Appending ErrorCodes to the corresponding error record

shree11 · June 13, 2014, 3:15am

Hi,

Here i'm using a awk inside bash script to validate the datafile by referring to the configuration file(schema file).
Here the validation check is done for datatype, field length and null values.
Once the validation is done on data file the error records are moved to the bad file. So till here everything is working fine .
Now i wanted to add a error code to each bad record in the badfile along with the error field.
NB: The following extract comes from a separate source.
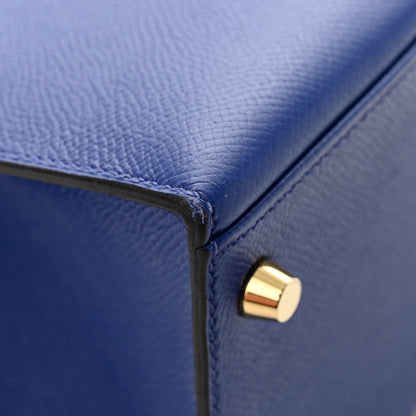 Hermes Epsom Kelly Sellier 28 Bleu Electrique 11 of 12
Below i have shown the details of datafile, confile, code tried, output getting and output expected:
configurationfile:

id,Integer(3),NOT NULL
name,String(20)
state,String(5),NOT NULL
phone_no,Integer(4)
gender,Char(1)

datafile:

201,John,MI,4589,M
202,Lilly,FL,589,F
20w,Taylor,,5888,M
210,8888,OK,456
215,Madav,,4454,M
2165,ram,MI,4589,M
21734,Leena,,589,F
218,Rohan,CA,2212,M

Script/Code:

#!/bin/bash
awk -F "," -vDT="$(date +%m%d%Y%H%M)" 'BEGIN { 
GOOD = "good_" DT; #Adding timestamp into a GOOD file
BAD = "bad_" DT; #Adding timestamp into a BAD file
putB = "hadoop fs -put /home/user/data/" BAD " /user/user/bad/"} 
NR == FNR{
gsub("[)(]", "-", $2); 
split($2, a, "-"); 
split($1, c,",");
hh[NR] = c[1]; d[NR] = a[1]; l[NR] = a[2]; n[NR] = ($3 == "NOT NULL") ? 1 : 0; next} 
{
for(i = 1; i <= NF; i++)
{

if(((d == "Integer" && (($i + 0) == $i || $i == "")) || (d == "String" && ($i + 0) != $i) || (d == "Char" && ($i + 0) != $i)) && (length($i) <= l) && (length($i) >= n))
{f = 1} else {f = 0};
if(f == 0) {print $0 > BAD; b++; next} 
}
print $0 > GOOD; g++
}
END {
print "Count of Bad Records : " b;
#system(putB);
}' configfile.txt datafile2.txt

Output getting without errorcode:

20w,Taylor,,5888,M
210,8888,OK,456
215,Madav,,4454,M
2165,ram,MI,4589,M
21734,Leena,,589,F

Expected output along with the error detail along with the error field name:

20w,Taylor,,5888,M,datatypeerror|id
210,8888,OK,456,datatyprerror|name
215,Madav,,4454,M,nullerror|state
2165,ram,MI,4589,M,columnwidthError|id
21734,Leena,,589,F,columnwidthError|id,nullerror|state

In the above expected result, at the end of each record the error details along with the eoorr field. So this can be achieved?

Thanks,
Shree

MadeInGermany · June 13, 2014, 4:02pm

You must split your long all-in-one condition into several smaller conditions, and each time add an individual error message to an error -message variable.
For example:

f=0
error=""
if (d == "Integer" && (($i + 0) == $i || $i == "")) {f=1} else {error = error ",datatypeerror|" hh}
if (d == "String" && ($i + 0) != $i) {f=1} else {error = error ",nullerror|" hh}
if (d == "Char" && ($i + 0) != $i) {f=1} else {error = error ",datatyperror|" hh}
if ((length($i) <= l) && (length($i) >= n)) {f=1} else {error = error ",columnwidthError|" hh}

shree11 · June 16, 2014, 1:11am

Hi,
I tried the similar thing in my code. May be because some syantax checks it's giving me an error.
I got the logic you suggeseted but while implementing the same in the entire code somewhere it's going wrong.
Also i dint get how to insert the piece of code

f=0
error=""

I'm sure somewhere here its going wrong! How this can be acheived?

Thanks,
Shree

shree11 · June 20, 2014, 6:36am

Hi, Is there any updates on the above post ?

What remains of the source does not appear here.